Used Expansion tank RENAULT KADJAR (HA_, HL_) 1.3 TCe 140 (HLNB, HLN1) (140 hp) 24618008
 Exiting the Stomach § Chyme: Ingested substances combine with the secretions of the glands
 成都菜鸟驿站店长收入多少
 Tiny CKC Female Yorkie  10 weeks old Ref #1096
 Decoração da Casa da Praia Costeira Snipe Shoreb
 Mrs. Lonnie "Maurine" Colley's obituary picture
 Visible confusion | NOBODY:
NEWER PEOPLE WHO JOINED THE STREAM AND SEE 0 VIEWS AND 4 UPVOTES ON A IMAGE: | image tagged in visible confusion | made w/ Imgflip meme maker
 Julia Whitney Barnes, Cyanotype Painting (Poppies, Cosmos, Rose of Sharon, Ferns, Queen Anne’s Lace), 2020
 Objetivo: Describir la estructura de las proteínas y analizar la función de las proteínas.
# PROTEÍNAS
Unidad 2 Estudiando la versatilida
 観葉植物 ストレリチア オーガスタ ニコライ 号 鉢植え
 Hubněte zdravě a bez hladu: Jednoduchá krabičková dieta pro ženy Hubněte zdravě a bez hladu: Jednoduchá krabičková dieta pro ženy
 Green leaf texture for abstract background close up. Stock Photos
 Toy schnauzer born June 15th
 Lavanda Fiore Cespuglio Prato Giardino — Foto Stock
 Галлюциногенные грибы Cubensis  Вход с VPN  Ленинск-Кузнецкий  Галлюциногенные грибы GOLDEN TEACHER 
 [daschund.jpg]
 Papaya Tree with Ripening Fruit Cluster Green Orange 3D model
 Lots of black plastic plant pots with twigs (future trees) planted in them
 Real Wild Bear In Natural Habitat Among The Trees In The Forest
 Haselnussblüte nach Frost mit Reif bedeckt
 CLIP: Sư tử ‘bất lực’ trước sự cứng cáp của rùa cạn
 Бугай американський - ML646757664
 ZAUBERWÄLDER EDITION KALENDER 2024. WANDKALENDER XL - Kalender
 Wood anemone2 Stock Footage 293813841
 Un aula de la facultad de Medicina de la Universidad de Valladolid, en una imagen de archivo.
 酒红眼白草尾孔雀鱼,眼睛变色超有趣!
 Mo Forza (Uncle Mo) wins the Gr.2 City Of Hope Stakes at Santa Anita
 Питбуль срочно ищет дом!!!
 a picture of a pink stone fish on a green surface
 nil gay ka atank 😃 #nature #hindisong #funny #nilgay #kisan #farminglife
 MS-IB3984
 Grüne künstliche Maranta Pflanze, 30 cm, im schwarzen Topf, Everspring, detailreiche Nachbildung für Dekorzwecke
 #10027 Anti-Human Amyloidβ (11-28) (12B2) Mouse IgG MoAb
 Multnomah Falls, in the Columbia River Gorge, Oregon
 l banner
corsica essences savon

*What you need to do*
If a line falls between the first line of the entries and the line containing "Tiny CKC Female", or is one of those two, restate it word for word; leave all other lines out.

*Reply to the task*
Used Expansion tank RENAULT KADJAR (HA_, HL_) 1.3 TCe 140 (HLNB, HLN1) (140 hp) 24618008
 Exiting the Stomach § Chyme: Ingested substances combine with the secretions of the glands
 成都菜鸟驿站店长收入多少
 Tiny CKC Female Yorkie  10 weeks old Ref #1096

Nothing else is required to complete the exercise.